On my birthday this year, I received a pack of angel cards from a dear family member of mine. The box prompts you to choose a card on your birthday. The word on the card will overlight your year. 

I thought about it a moment, surrounded by family and friends and laughter and warmth, chose a card in the middle of the deck, and pulled out the word love. I felt a chord strike in my heart.

Very recently, exes and past lovers have been coming out of the woodwork. Boys I never thought I would hear from again, telling me things I desperately wanted to hear when our relationships ended. Now, the words ring like tin in my ears and taste like pennies in my mouth. Am I suspicious of these boys and their motives? Am I doubtful of their words? Am I convinced I am undeserving?




I am not any of these things. I am someone learning the hard lesson of loving themselves, of learning that acceptance and balance doesn't come from outside, but within. I spoke before of the catalyst that would make everything right in the world, and how it does not exist. The rhythms that move the world move me with them, and I am a different person than I was when I was in these relationships. I choose to not let my suspicion and doubt get the best of me. I choose to accept these sentiments with grace, even if I can't reciprocate, and I choose to let go. I trust that the person or persons I'm supposed to grow with will appear, seemingly out of thin air, like they always do.

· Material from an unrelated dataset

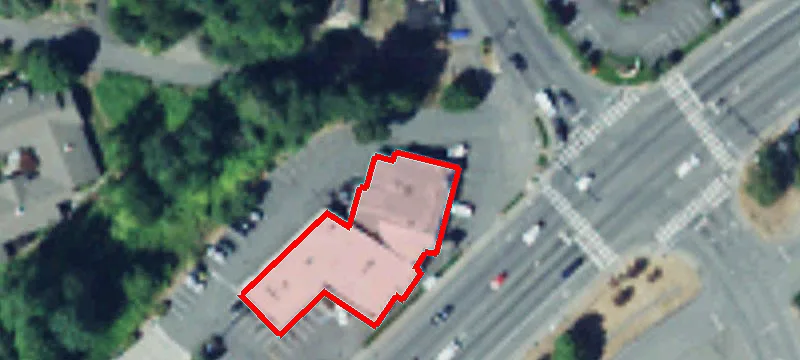 3710 Kitsap Way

So for the year, I wish for myself and all of you, that love infuse your life. There are many shades of love, and I hope all of them refuse to dim as the seasons pass. If you believe in angels, I wish for them to bring you your chosen vision of love. Here is to peace, health and light in the new year.


Sunday, December 4, 2011

And We Can Act Like We Come From Out of This World

I've been going to a 60's Northern soul dance party once a month in Seattle for almost four years now. My first night, I was nervous and didn't know quite what to do with my arms. I felt the music run through my body, shooting through my limbs like lightning, and I fell into the rhythm, my shoulders moving in time with my feet and my hands occasionally moving the hair out of my face. Every time I return, the dance feels natural and joyous. I get lost in the moment of sweet sweat and electric endorphins. 





A photo of me in reverie next to one of my best sister friends appeared in an alternative weekly recently. I think it captures exactly what I feel on the dance floor. Wrapped up in the moment like a cocoon, a smile creeping up the sides of my mouth, trying to catch the lights on my skin and take them with me. 

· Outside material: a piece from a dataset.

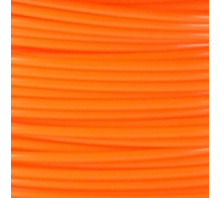 Ataata RM-AB0136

I recently discovered a new love: square dancing! Every two weeks in the neighborhood I live in, a bar hosts a square dancing night. A live band plays straw bale rhythms and a caller lilts out the directions. People are incredibly forgiving when you mess up, and it is the only time I've seen adult strangers grab each other's hands and laugh and spin, unabashedly happy. As I was swung by my partners, I felt like I was flying.



This is my love letter to dancing: the physical expression of joy, the slick sweat, the crush of bodies, the heartbeat bass, the way I feel when I spin fast and can feel the world spinning with me. Thank you.